What is expected: Pick out and copy every line below that has the word "Force".
━━━━━━
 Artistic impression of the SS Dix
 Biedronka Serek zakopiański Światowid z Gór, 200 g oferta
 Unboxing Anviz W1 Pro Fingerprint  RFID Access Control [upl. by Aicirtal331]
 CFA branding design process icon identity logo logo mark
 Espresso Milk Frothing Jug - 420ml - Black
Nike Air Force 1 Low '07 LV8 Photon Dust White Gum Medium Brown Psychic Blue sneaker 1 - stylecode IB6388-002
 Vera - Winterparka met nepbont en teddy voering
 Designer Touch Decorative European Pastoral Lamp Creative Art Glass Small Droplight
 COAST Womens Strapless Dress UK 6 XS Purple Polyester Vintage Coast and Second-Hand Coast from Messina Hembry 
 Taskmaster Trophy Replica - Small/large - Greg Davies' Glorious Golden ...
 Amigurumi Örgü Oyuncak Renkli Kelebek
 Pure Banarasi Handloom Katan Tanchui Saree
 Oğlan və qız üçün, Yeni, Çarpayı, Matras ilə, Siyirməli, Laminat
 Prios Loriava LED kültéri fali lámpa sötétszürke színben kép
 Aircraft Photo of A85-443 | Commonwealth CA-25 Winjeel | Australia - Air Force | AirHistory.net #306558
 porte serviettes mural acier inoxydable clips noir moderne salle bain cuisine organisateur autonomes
━━━━━━
Your response:
Nike Air Force 1 Low '07 LV8 Photon Dust White Gum Medium Brown Psychic Blue sneaker 1 - stylecode IB6388-002
 Aircraft Photo of A85-443 | Commonwealth CA-25 Winjeel | Australia - Air Force | AirHistory.net #306558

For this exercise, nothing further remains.